Mayman, as CEO and chief pilot, has been staging spectacular public flights of the JB-9 and JB-10 jetpacks all around the United States and Europe, and the company recently announced that if you've got the cash, you can actually buy one now.
With a six-turbine JB-11 jetpack about to be built, some US Army contracts to fulfil and an all-electric JB-12 in development, the JPA team certainly has its hands full – but not too full to begin pressing ahead on a wild manned multicopter flying car concept that's yet to be named.
Currently at the CAD render stage, the JPA VTOL concept is an early vision of a three-dimensional single-seat commuter. It's a manned multirotor, with 12 props mounted coaxially on six arms. For all intents and purposes, it's a single-seat electric multicopter that'll fit in a single car garage thanks to the center arms folding in.
We caught up with JPA CEO David Mayman on the phone to discuss the development of the VTOL concept, the race to build the first commercially-viable flying car, the future of personal aviation and the challenges the team faces in making these kinds of aircraft safe in the event of failure.

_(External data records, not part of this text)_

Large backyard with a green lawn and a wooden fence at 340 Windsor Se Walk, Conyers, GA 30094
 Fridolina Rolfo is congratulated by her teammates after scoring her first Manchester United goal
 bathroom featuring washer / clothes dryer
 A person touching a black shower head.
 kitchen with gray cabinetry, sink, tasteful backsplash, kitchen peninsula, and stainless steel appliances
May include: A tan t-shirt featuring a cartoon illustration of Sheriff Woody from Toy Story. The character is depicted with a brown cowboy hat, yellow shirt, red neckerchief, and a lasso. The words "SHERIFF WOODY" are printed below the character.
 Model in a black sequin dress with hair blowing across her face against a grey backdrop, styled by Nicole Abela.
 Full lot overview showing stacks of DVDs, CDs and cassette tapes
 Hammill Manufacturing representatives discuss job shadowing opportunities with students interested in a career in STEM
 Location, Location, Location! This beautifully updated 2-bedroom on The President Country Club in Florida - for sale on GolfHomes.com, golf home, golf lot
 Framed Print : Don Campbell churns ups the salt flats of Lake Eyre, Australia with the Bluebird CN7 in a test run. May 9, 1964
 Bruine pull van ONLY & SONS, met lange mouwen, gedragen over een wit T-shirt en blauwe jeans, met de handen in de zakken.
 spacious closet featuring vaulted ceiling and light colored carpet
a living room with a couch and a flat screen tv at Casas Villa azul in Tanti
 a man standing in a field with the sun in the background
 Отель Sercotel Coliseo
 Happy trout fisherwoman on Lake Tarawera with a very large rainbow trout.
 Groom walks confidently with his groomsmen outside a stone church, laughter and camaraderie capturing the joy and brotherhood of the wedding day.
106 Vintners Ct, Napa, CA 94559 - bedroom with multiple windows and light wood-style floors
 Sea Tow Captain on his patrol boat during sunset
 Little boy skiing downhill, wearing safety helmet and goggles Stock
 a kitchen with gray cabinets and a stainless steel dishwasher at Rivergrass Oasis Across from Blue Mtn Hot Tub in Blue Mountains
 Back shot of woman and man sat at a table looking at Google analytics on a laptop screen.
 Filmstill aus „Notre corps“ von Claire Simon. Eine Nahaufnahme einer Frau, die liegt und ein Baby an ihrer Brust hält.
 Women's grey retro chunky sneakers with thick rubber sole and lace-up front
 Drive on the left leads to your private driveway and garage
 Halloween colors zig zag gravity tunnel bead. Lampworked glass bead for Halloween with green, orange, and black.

Here's what Mayman had to say, in his own words.
The race is on: who's going to own the upcoming flying car market?
Larry Page has two separate bets on the table, with Zee.Aero and Kitty Hawk. Airbus is having a go with the Vahana. You've got eHang in China and e-Volo in Germany making manned multicopters. Dezso Molnar's doing his thing with the Street Wing and the Gyrocycles – he's an amazing individual, although from my discussions with him, it seems he's not interested in anything that's not roadable.
Our Chief Engineer Stefano went up to Northern California and actually managed to get out on a full tour of the Joby Aviation facility – he said what they're doing out there with the S4 is amazing. He and JoeBen Bevirt, I think they both went to UC Davis together. Stef was pretty open about our intentions in this space, and it was actually all cool.
There's two schools of thought. You've got your winged aircraft with distributed electric propulsion – the Joby, the Airbus, the Zee.Aero – the advantage here is high speed. They can cruise at 2-300 miles an hour (320-480 km/h), so you get speed and range out of that.
We're on the other side. We're taking the manned multirotor approach. More than anything else, because some of the technology's already proven enough. The speeds are lower – you might be talking about 90 miles an hour (145 km/h), but the size factor is so much smaller because you don't have a wing to deal with.
Jetpack Aviation's own VTOL flying car design
The way we're designing ours, there are actually six arms that come out from the top of the chassis – two at the front, two in the middle and two at the rear. The middle one can fold in. The design direction I've given is that it's gotta fit inside a single car garage. It'll be low enough and thin enough to do that, because the side arms and motor pods fold in against the chassis.
There's only one seat in it at the moment, but the beauty of distributed electric propulsion is that it's very, very scalable. The way that electric motors work, it's hey, you wanna make something for two people? OK, you just add power to the electric motors. The ultimate limiting factor comes from battery storage density.
We all – Tesla, everybody working in this space – need it to be higher than the current 200-odd Watt-hours per kilogram we can get at the moment. But they're talking about in four years, maybe it hits 400. That's huge, that's where these electric aircraft will all become very realistic.
We started with landing skids, but we've ended up with little spheres – landing balls.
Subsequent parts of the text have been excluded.